*What this task involves*
In total, how many lines of the data contain the word "Snapshot"? Only that number is wanted.

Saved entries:
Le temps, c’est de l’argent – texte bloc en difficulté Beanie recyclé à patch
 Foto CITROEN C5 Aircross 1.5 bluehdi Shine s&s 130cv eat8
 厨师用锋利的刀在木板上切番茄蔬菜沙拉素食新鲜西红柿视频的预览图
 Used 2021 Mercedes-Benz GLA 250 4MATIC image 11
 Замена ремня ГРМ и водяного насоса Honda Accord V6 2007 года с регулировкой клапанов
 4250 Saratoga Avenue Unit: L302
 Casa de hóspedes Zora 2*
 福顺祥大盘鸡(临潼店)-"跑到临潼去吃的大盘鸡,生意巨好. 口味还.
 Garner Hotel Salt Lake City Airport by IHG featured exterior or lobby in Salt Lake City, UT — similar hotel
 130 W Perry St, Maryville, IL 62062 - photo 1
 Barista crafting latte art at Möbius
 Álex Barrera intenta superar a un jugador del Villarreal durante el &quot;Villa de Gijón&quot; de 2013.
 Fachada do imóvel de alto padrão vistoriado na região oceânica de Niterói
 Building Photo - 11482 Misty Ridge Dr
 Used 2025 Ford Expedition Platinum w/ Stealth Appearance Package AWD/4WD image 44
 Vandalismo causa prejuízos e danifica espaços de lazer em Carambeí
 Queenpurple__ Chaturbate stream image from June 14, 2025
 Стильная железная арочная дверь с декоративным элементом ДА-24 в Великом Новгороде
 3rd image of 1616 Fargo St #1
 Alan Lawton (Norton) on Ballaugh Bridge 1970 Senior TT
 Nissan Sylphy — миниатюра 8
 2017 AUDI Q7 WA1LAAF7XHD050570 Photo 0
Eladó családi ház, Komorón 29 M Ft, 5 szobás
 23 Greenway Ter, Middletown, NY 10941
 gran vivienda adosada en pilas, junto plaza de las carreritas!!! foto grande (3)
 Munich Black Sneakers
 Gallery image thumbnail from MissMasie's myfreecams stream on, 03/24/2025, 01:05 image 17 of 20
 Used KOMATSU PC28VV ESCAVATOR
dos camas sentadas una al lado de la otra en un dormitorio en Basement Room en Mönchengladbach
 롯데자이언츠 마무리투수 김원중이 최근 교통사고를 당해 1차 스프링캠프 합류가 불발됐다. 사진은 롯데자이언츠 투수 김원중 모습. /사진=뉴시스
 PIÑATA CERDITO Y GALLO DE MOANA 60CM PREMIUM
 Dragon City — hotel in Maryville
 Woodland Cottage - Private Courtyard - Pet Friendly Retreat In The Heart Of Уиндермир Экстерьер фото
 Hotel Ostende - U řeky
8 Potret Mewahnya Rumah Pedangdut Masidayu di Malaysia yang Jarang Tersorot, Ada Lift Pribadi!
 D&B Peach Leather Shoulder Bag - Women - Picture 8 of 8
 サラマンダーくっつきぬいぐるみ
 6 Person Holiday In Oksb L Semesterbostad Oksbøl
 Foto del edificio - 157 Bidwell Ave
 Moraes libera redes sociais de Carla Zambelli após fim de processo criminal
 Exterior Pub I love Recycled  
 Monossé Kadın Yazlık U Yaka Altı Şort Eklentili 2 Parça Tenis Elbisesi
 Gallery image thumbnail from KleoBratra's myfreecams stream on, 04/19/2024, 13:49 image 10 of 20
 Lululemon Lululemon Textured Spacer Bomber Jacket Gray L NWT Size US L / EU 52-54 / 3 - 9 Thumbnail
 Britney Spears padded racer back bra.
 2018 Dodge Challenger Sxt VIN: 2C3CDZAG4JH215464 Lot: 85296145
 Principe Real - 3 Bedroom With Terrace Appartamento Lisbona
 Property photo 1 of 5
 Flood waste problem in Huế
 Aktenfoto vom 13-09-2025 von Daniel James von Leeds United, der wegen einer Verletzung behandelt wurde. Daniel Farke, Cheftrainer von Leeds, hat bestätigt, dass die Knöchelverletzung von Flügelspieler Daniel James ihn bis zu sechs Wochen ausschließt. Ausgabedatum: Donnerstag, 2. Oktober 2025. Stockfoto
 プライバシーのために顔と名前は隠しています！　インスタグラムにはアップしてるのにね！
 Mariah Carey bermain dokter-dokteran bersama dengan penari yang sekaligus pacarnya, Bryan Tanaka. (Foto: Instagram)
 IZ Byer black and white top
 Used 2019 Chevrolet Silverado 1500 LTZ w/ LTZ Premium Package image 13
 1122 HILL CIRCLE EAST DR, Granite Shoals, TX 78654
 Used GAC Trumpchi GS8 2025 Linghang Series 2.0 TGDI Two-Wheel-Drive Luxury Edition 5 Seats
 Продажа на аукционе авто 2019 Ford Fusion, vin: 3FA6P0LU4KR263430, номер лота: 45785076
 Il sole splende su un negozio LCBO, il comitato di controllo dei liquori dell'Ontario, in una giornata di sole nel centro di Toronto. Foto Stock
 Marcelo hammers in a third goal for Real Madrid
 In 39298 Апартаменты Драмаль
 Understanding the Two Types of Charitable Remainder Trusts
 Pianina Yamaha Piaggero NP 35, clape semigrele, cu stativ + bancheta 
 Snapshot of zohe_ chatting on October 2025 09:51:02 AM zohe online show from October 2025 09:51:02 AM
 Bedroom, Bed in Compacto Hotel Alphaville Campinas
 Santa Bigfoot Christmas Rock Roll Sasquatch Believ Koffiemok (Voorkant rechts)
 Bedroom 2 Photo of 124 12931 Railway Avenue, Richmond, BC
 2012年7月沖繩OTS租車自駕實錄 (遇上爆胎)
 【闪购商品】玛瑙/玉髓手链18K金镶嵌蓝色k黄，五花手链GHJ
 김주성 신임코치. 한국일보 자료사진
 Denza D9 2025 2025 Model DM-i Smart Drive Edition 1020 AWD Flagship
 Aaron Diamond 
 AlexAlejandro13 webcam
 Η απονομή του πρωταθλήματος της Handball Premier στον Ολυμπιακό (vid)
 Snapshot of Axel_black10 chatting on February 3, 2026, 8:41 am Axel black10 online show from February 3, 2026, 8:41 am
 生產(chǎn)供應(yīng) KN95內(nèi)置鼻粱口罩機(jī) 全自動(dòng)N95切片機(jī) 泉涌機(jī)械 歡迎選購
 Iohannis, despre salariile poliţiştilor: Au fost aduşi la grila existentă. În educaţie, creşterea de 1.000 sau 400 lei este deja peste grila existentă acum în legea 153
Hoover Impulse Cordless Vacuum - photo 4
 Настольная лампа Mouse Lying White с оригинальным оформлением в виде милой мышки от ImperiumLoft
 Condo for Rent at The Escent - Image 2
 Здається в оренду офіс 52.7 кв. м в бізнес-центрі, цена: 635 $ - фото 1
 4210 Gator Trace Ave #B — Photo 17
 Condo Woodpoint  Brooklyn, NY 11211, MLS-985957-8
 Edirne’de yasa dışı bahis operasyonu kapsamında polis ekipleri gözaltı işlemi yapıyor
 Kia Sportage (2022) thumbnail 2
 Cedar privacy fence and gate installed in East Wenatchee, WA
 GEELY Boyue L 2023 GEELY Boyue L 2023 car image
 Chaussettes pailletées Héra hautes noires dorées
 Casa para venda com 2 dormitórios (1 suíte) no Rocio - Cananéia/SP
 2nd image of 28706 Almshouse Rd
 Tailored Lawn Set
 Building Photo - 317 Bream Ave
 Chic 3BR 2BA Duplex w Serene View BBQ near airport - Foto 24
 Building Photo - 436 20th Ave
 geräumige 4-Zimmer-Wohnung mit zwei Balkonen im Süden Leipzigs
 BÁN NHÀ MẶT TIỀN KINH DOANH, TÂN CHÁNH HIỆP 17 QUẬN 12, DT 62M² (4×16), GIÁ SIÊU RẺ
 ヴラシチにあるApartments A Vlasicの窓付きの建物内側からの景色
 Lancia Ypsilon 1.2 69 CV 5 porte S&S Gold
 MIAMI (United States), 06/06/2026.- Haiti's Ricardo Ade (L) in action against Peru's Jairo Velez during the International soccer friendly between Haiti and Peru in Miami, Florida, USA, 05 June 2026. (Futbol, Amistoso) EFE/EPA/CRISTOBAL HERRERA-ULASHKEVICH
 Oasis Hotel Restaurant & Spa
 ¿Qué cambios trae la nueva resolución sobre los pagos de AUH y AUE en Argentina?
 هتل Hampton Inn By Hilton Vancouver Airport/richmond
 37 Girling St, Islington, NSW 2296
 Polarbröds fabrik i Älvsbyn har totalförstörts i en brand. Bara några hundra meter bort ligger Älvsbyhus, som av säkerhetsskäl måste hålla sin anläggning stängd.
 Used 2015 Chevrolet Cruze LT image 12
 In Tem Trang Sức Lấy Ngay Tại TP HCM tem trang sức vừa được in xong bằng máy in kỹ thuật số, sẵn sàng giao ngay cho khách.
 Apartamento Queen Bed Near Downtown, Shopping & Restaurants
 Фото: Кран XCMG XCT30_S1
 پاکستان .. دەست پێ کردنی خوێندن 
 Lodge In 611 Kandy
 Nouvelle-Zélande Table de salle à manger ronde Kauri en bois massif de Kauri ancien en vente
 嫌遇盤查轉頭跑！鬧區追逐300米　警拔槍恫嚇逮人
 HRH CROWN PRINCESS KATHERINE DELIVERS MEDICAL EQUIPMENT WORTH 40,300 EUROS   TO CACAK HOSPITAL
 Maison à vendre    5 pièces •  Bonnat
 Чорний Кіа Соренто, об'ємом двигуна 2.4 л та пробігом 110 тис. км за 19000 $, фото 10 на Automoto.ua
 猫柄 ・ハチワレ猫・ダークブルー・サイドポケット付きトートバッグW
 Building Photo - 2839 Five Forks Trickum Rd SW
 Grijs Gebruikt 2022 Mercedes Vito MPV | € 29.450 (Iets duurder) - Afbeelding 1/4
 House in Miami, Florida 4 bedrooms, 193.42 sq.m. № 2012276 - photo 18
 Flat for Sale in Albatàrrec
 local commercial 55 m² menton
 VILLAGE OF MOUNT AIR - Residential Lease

*Task result*
2